It was four years ago that the the eyes of the football world were on Michael Sam at the NFL Combine. Sam, who came out publicly prior to the combine, was poised to become the first openly gay player drafted in the NFL.
It ultimately didn’t work out in the NFL for Sam, who was drafted by the St. Louis Rams in the spring and cut at the end of training camp in 2014. Sam will always have the distinction of being the first out gay football player to participate at the combine and be drafted.
Since 2014, the only time a gay issue has come up at the combine was in 2016, when Eli Apple, a cornerback later drafted by the New York Giants, said he was asked by an unnamed assistant coach for the Atlanta Falcons if he liked men.
While Sam has been the first and last out player at the combine, this could change in the next couple of years when one of the two openly gay players currently on Power 5 college football teams will be eligible for the draft. Performing at the combine is a vital step for many potential draftees.
Scott Frantz is a junior left tackle for Kansas State and he came out prior to the start of the 2017 season. In his freshman and sophomore seasons Frantz was the Wildcats’ starting left tackle, a key position on the offensive line. In the 2016 Texas Bowl, Frantz shut down pass rushing specialist Myles Garrett, who last year was the top pick in the NFL Draft. One analyst, writing prior to last season, called Frantz good enough to be a future NFL player.
If Frantz desires to try and play in the NFL, he can do it after his upcoming junior season by declaring for the draft, though it’s more likely he would wait until after his senior season. If so, Frantz could be among potential draft choices invited to the combine (there are 336 invitees this year to the event, which is underway in Indianapolis).
Frantz’s combine experience would almost certainly be different and less frenzied than Sam’s. Sam did not come out publicly as gay until two weeks before the 2014 combine and it became a huge media story.
Frantz’s coming out last summer was more low-key and he will have had two or three years of being an out player before he could be invited to the combine. His being gay would not be as newsy for that reason, and I doubt he would undergo as much scrutiny about his personal life as did Sam in 2014.
This is all speculative, of course. Frantz could decide not to try out for the NFL or be sidetracked by an injury. But even if he doesn’t make the combine, there is another openly gay player waiting in the wings, My-King Johnson of Arizona.

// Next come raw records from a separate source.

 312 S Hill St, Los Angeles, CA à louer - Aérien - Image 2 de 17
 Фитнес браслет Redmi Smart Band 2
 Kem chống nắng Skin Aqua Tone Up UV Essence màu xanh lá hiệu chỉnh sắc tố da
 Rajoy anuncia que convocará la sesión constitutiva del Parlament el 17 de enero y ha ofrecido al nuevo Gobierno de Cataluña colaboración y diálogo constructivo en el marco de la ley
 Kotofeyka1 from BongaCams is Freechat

Johnson was a redshirt freshman defensive lineman last year and is expected to suit up for the Wildcats in the fall. He’s a long way from being drafted, but he was a highly sought-after recruit and has the potential to play in the NFL.
I have long agreed with the idea that one of the easiest ways for a gay male athlete to reach the pros with minimal fuss would be for that person’s sexual orientation to be old news by the time he’s ready to turn pro. With Frantz and Johnson, we might see that theory put to the test in 2020 or 2021, unless some player not yet out beats them to it.